Kids had a wonderful time penning stories and making them come to life with their illustrations at the workshop held during the Lit for Life festival in New Delhi.

All of us love reading and listening to stories. But have you ever tried writing your own story? Do you know what goes into writing one? Recently Scholastic in association with The Hindu Lit for Life festival held a workshop titled Children of the Lamp, for kids to understand the nuances of story writing. The workshop held at the India Habitat Center, New Delhi, saw close to 40 students participate.

Anushka Ravishankar started the day by reading three pieces and the kids were asked if they sounded like stories. The children felt that the first was straightforward prose, the second was not interesting as the story did not have too much conflict but the third one was perfect as it had a distinct conflict.

A problem or a conflict is much needed for a story, says Anushka. The centre of any plot is its conflict that characters solve. Second, what makes a story interesting are its characters. A character could be human, non-human and even a monster. A character should have special characteristics and the kids were asked to come up with one character. They were asked to describe who the character was, how it moves, special characteristics they would like to describe, what the character likes, dislikes and what it is afraid of.

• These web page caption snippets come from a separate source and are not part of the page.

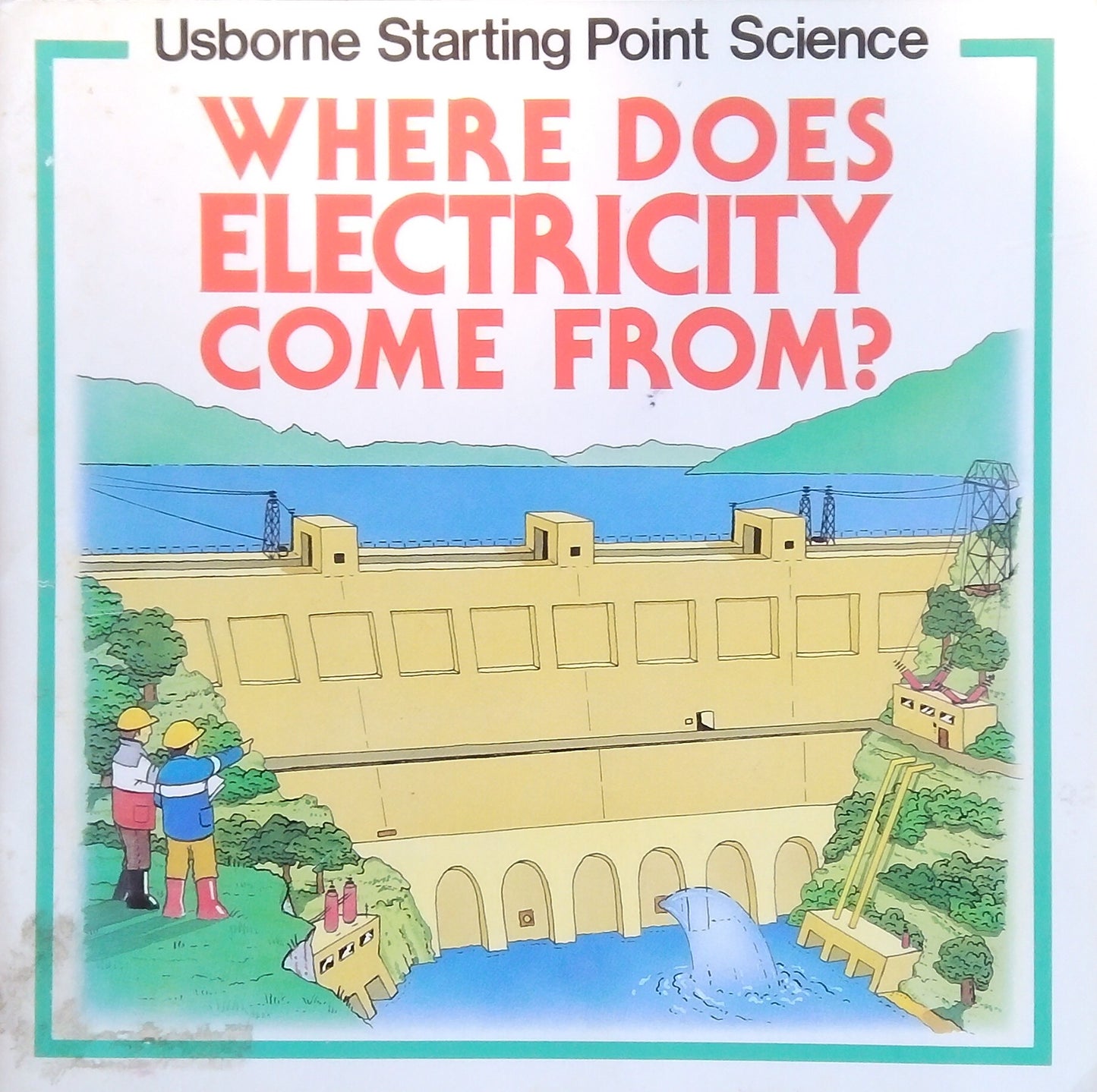 Where Does Electricity Come From?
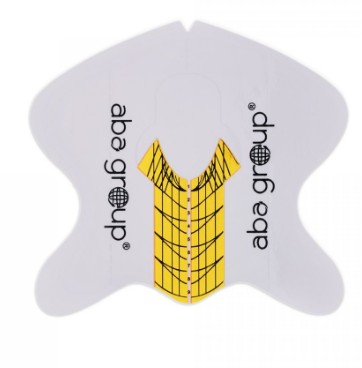 ABA SZABLONY FORMY MASTER 100szt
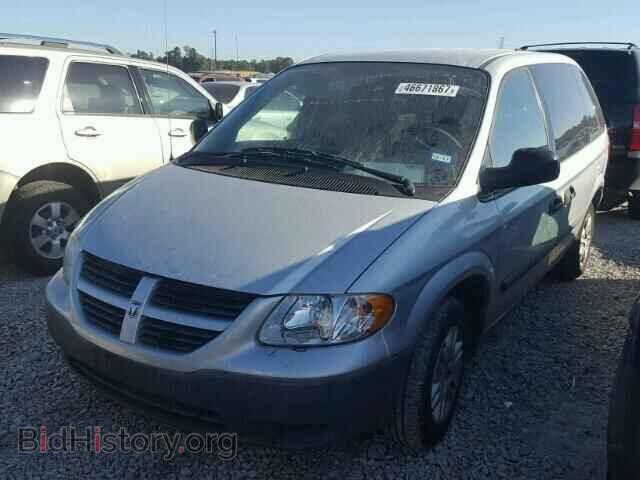 2006 DODGE CARAVAN - VIN: 1D4GP25B96B592322 - Photo 2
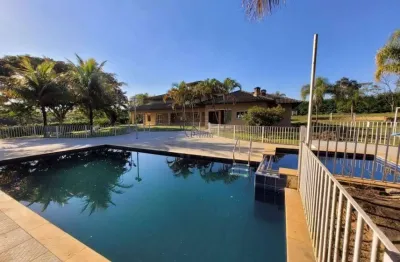 Chácara com 4 dormitórios à venda, 20000 m² por r$ 7.000.000,00 - colinas do mosteiro de itaici - indaiatuba/sp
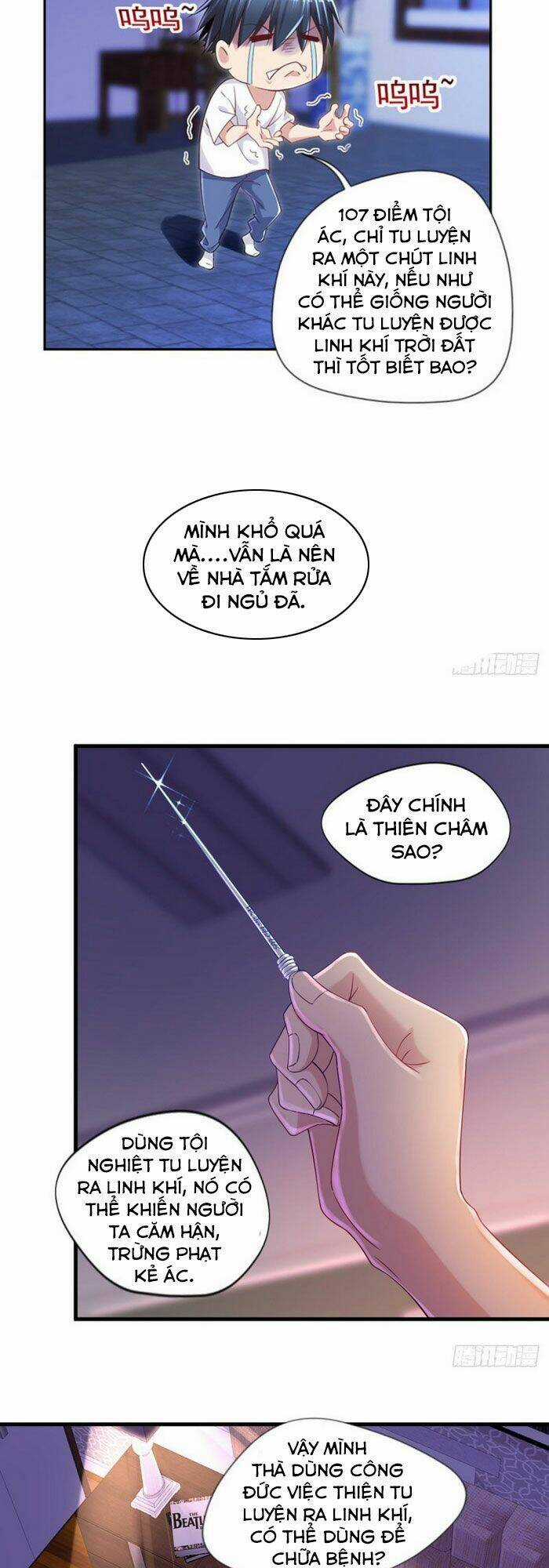 Mở Phòng Khám Tu Tiên - Chapter 14 - Trang 9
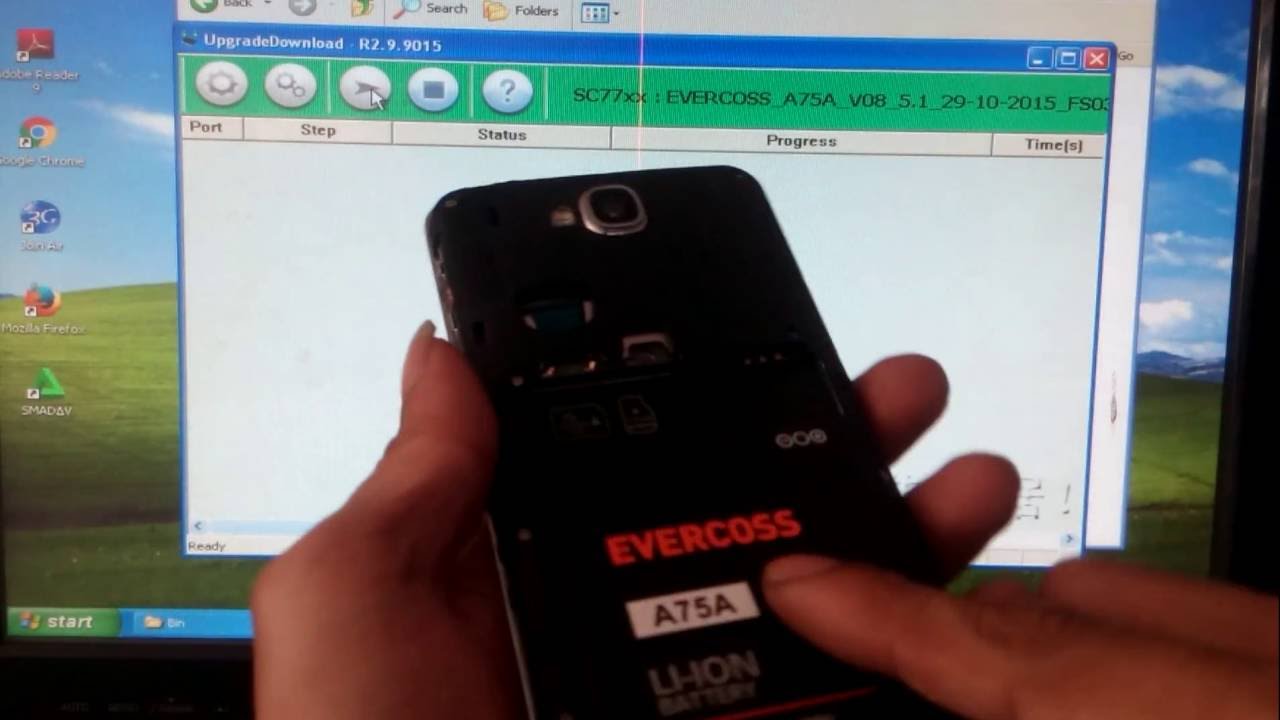 Detail Firmware Evercoss R45 Nomer 30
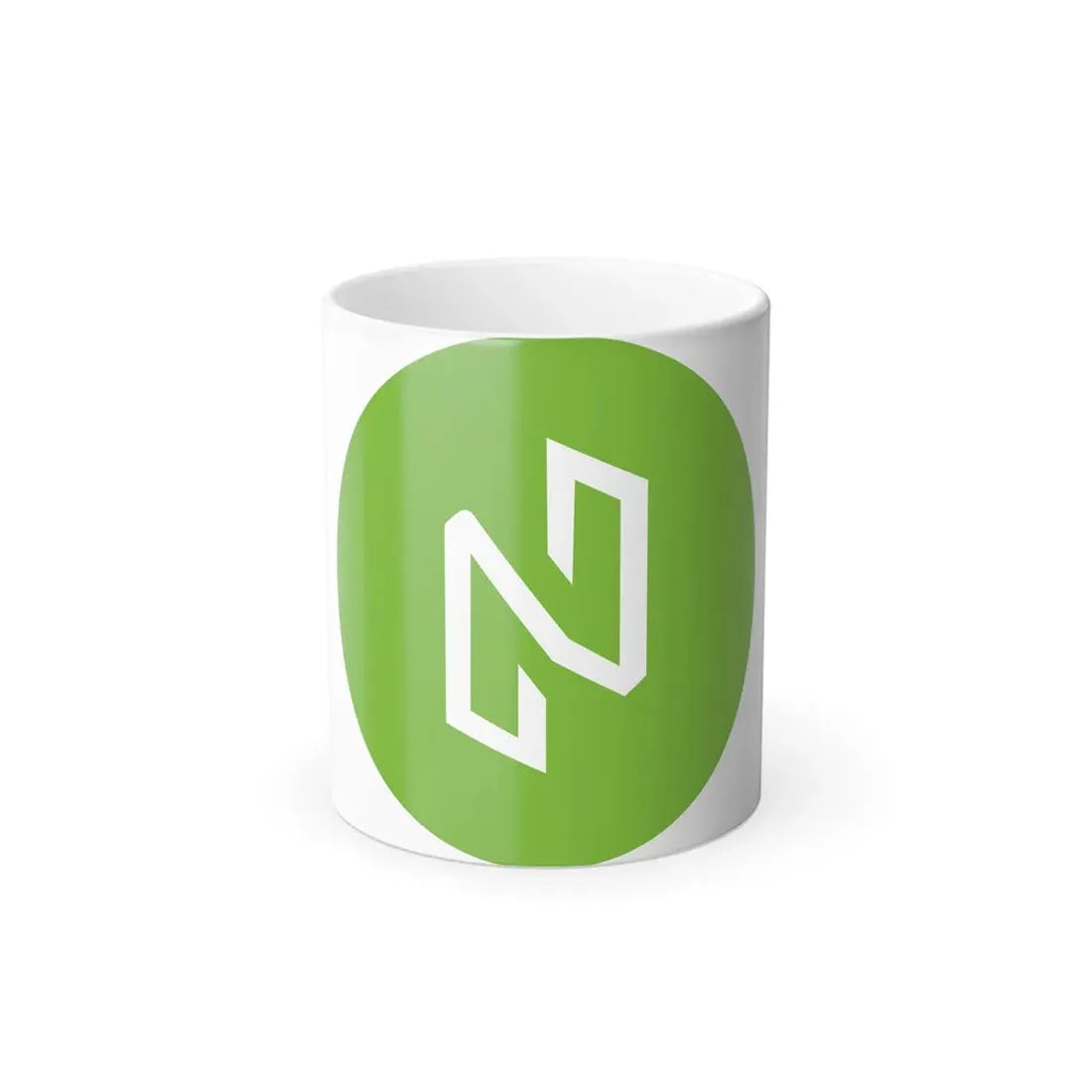 NULS NULS (Cryptocurrency) Color Changing Mug 11oz Default Title 11oz - Go Mug Yourself
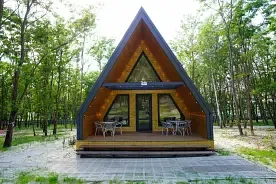 Шале, Парк-отель Арсеньево, Курчатовский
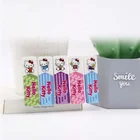 Kitty kitten animals small mini plastic pvc pet sticky notes pads used for notebooks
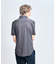 【接触冷感】アイスピケ ストレッチ 半袖シャツ / FLEX SHIRTS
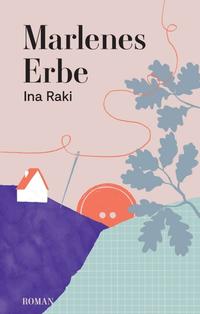 Vorderes Coverbild Marlenes Erbe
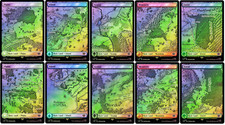 Choose your FOIL Full Art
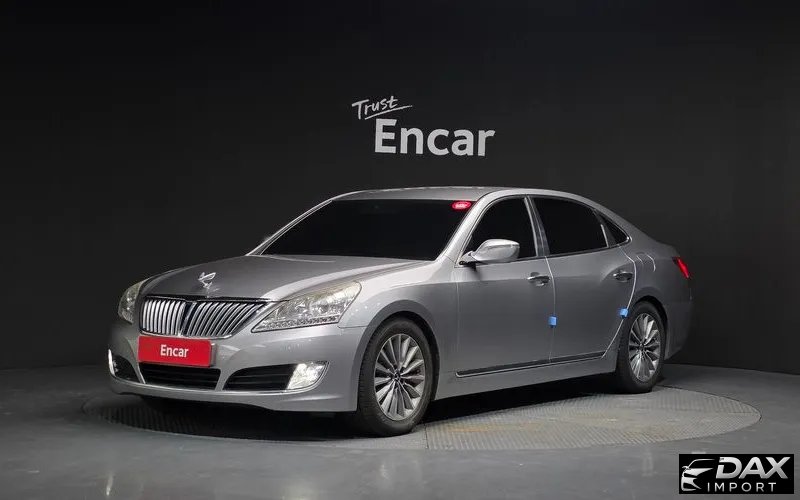 Hyundai Equus VS380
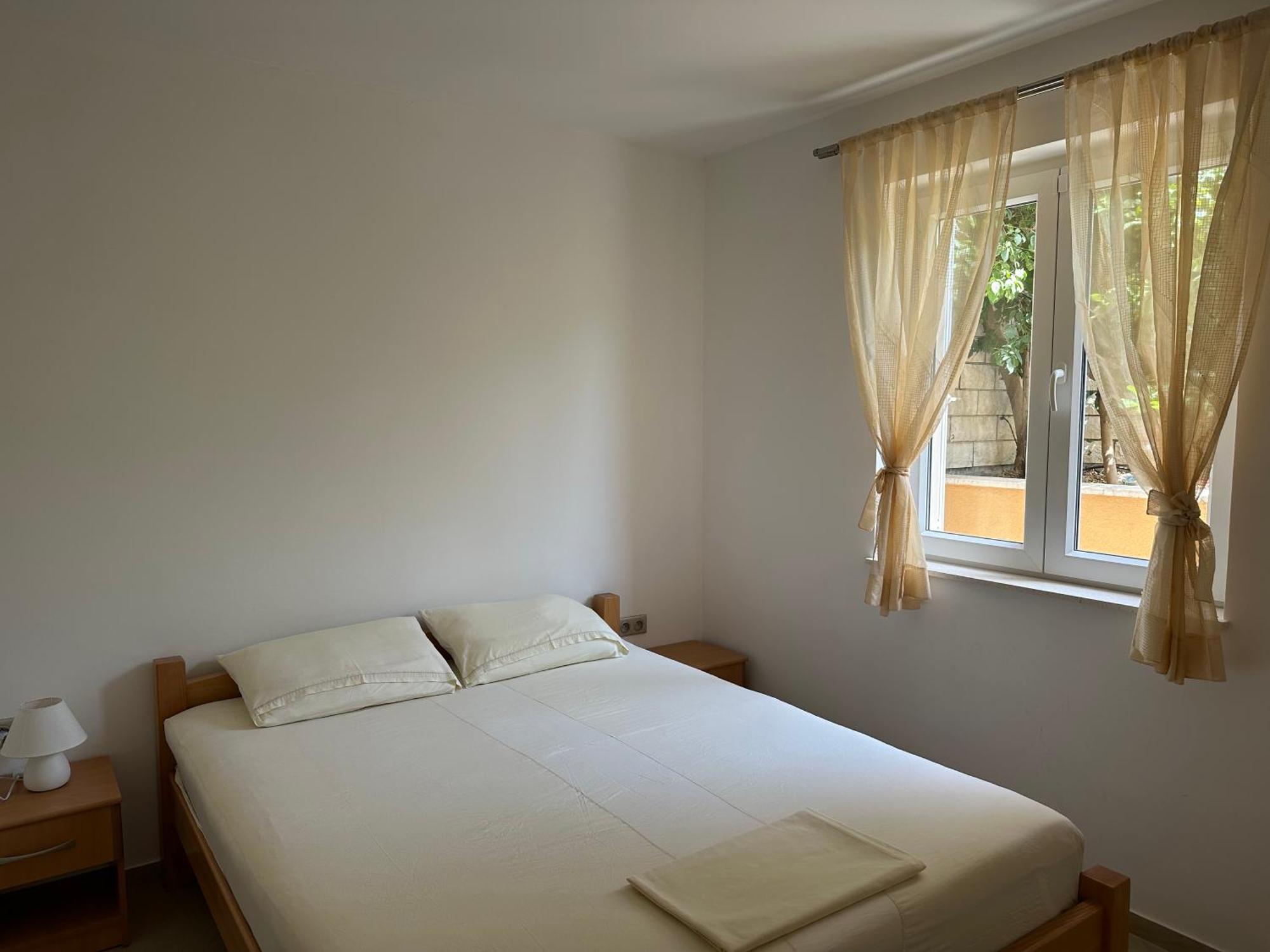 Apartments Villa Eva Slano Esterno foto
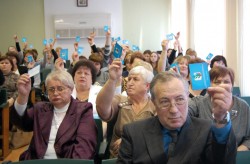 Калужская областная организация профсоюза 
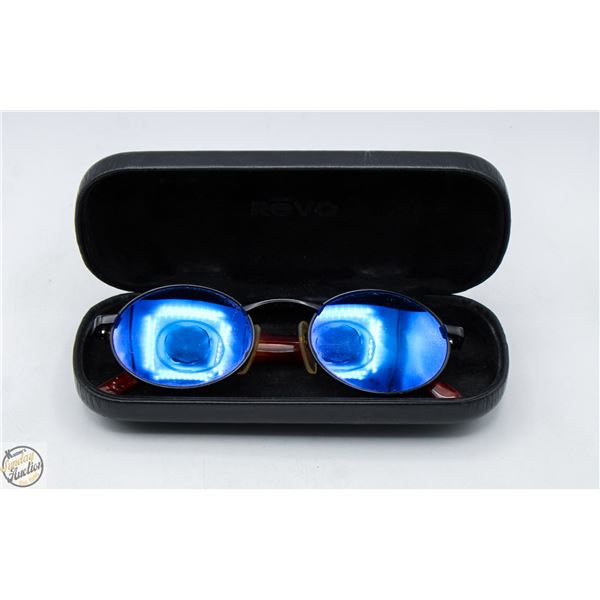 VINTAGE REVO SUNGLASSES MODEL 962/001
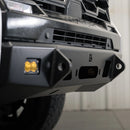 C4 Fabrication Tundra Lo-Pro Winch Bumper / 3rd Gen / 2022+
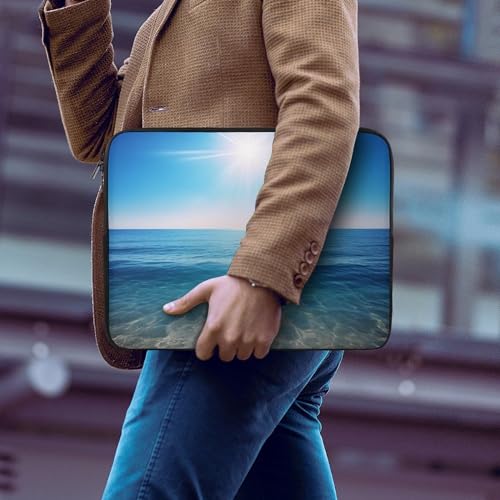 Funda para Laptop 13 Pulgadas Azul miniatura 6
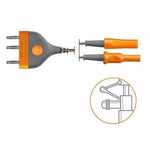 354-145 Bipolar cable, Wolf resectoscope, COMFORT, 4.5 m, BOWA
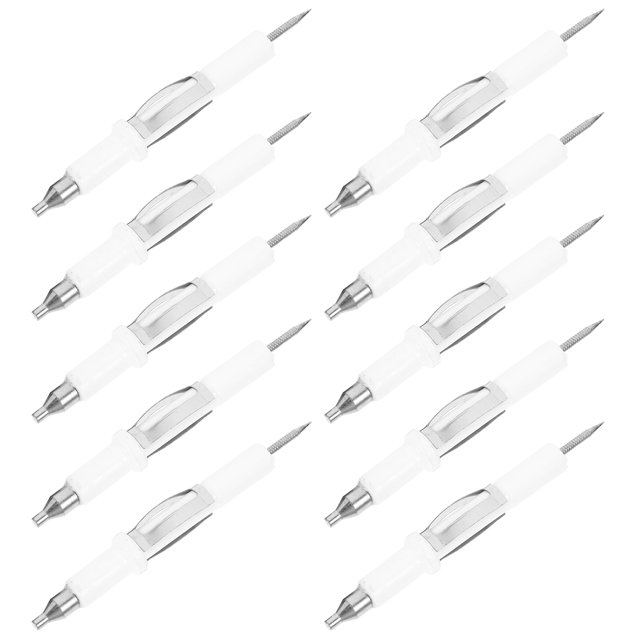 10 Pcs Sensor Needle Gas Burner Flame Sensor Gas Stove Replacement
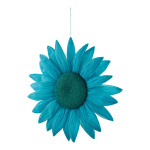 Flower out of paper with hanger     Size: 60cm    Color:...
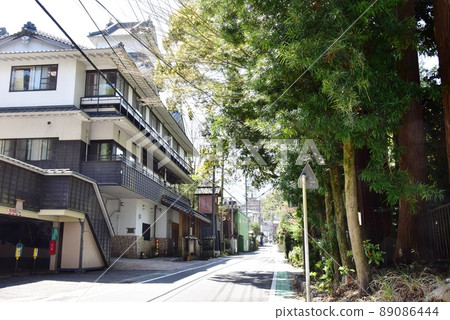 Hakone Town Hotel Hakone Kamon,古老的東海道和新鮮的綠色 Hakone Town Hotel Hakone Kamon,古老的東海道和新鮮的綠色 89086444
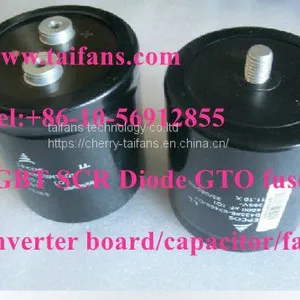 New Capacitor B43586-S9418-Q1 B43586-S9418-Q3 B43586-S3468-Q1 B43510-A5228-M7 B43310-A9568-M B43455-S9338-M2 B43456-S9508-M11 thumbnail-1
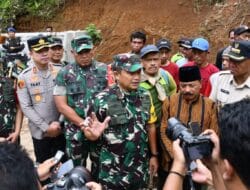 TMMD Support Pembangunan Secara Nasional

Anushka also described how different stories have different characters who influence the story. For example if a character is afraid of the dark then darkness and light would be used to take the story forward. She used the example of “Finding Nemo” and how Nemo behaved the way he did because he had an over-protective father. So even the kind of adventures he had was because of his lack of confidence, his fears and his feelings.

Another important component of a story is setting and language. She emphasised how one should refrain from using “Once upon a time”, “one day” and instead use an action, description of a scene or dialogue to start a story. You should imagine a story in your head, she said.

They were asked to write out a setting, an object and one character. These slips of paper were then shuffled and passed around. Each participant was asked to write a story using the given slip. Though they were taken by surprise it encouraged them to think out of the box and have fun while making connections using non connected elements. It was easy and by lunch time students came up with well structured, funny and coherent stories integrating all elements taught to them.

DHRUV CHANDRA, III, The Shriram School, Delhi: I love writing so I wanted to take part in this workshop. They taught us to illustrate too. I wrote a story and liked it. We loved the lunch and snacks too.

JAI SURYAKADIYAN, II, Heritage School, Delhi: My mom saw it on a website and asked me if I wanted to be there. We drew and coloured. And we told a story

DEVANSHI DHAR, III, Tagore International School, Delhi: What was very different in this workshop is also the reason why I loved attending it. We were asked to imagine and that is what is needed for us to be creative. I not only made some friends but wrote a story and will keep at it from now on.

SANAYA DUTT, III, The Shriram School, Vasanth Vihar: I love taking part in workshops especially story writing ones, we learnt how to illustrate. I loved the fact that we got to learn so many new things besides the usual drawing and painting.

VANI, AASTHA and SAMHITHA said they loved writing stories. This was a good exercise for us as we got to know how to start writing a story, how to integrate conflict in a story to make it interesting and the technique of using problem and solution and fleshing out of characters. The most necessary elements needed to bind a plot into a story was taught to us and we are happy to be a part of this.

Draw your story

Here's what Atanu Roy, children's book illustrator, had to say: The workshop experience was tiring and chaotic but we all had a ball! The 40 kids were all high on energy and enthusiasm. The age group was mostly seven to ten years. The noise levels were phenomenal, and it was an exhilarating experience. We were trying to get the children to understand the process of writing and illustrating a children's book.

We got each of them to write a story, and then asked them to illustrate it. Some of them were of course too young to understand the process, but many of them grasped it immediately. I gave them pointers on illustrations, making some illustrations on the spot. Something like this takes time to explain and we of course had limited time. The kids were impatient to get to the colouring and painting and many of them finished the story and illustrations very quickly.

I drew cartoons and funny faces for them, something they really seemed to enjoy.